Описанные события послужили большевикам поводом к постановке вопроса о передаче власти Петроградскому Совету. С тех пор, как мы знаем, лозунг «Вся власть Советам» продержался вплоть до самого падения коммунистического режима в 1991 году. Однако реальной властью Советы не обладали никогда и не могли по своей природе. Поэтому содержательными в этом лозунге были первые два слова, которые раскрывали его диктаторские устремления, желание сосредоточить всю власть в одних руках. И эта цель была достигнута — вся власть (исполнительная, законодательная, судебная) всегда была в одних руках. Большинство Петроградского Совета не поддержало большевиков. И революционные демократы, и меньшевики считали эту инициативу гибельной для обороны страны, ведущей к контрреволюции.

Для борьбы с большевиками объединились либералы, революционные демократы и умеренные социалисты. Но союз их был «хрупким»: одни (социалисты) выступали против применения решительных мер по отношению к большевикам, считая их всё-таки тоже социалистами, желая любыми способами избежать открытой конфронтации в лагере революционных сил; другие хотели исполнить основную миссию, возложенную на Временное правительство — довести страну до Учредительного Собрания. Однако этим перечнем реальный спектр общественных настроений накануне Октябрьского переворота, конечно, далеко не исчерпывается.

Революционных демократов пугала не столько сама по себе большевистская авантюра, сколько неизбежность наступления вслед за ней контрреволюции. Крайне правые хотели бы, оперевшись на военных, преобразовать Временное правительство в своём духе.

Среди большинства заводских и фабричных рабочих, солдат в петроградских казармах большим успехом пользовалась черносотенная печать, а не социалистическая.

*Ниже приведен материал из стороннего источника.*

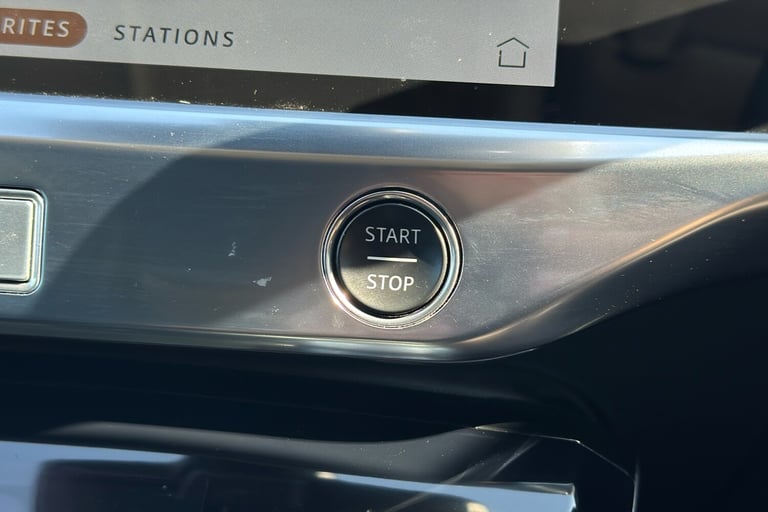  Jaguar I Pace 400 90kwh Hse Suv 5dr Electric Auto 4wd 400 Ps Electric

Кроме того, в общественном сознании прочно укоренилась мысль о том, что если большевики и захватят власть, то продержится она недолго и будет сметена недовольством масс. В этом смысле «большевистский эксперимент» смог бы даже помочь России «излечиться» от большевизма.

Что касается самого Временного правительства, то оно почему-то было уверено в поддержке военных, в первую очередь, казачьего корпуса, а кроме того, офицеров, находившихся в Петрограде числом порядка 15 тысяч. В критический же момент оказалось, что и у тех, и у других отсутствовал пафос борьбы за Временное правительство. Особой трагедией и для Временного правительства, и для России в целом стал отказ казаков защищать правительство. То, что для истории и России обернулось трагедией, тогда было не более, чем простой провокацией, в которой главную роль сыграл В. Бонч-Бруевич. Старый большевик, соратник Ленина, поддержавший его в 1902 году, Бонч-Бруевич эмиграции избежал и продолжал работать в Академии Наук, где он ещё с конца 19 века изучал русские религиозные секты, сопровождая духоборов, уехавших в Канаду, и пр. Благодаря этой своей профессиональной деятельности, он был известен среди казаков, многие из которых были сектантами, пользовался у них уважением. Накануне большевистского выступления Бонч-Бруевича посетила делегация казаков, и он убедил их не стрелять в рабочих, соблюдать нейтралитет. Казаки легко дали себя убедить, т. к. это совпадало с их собственными настроениями.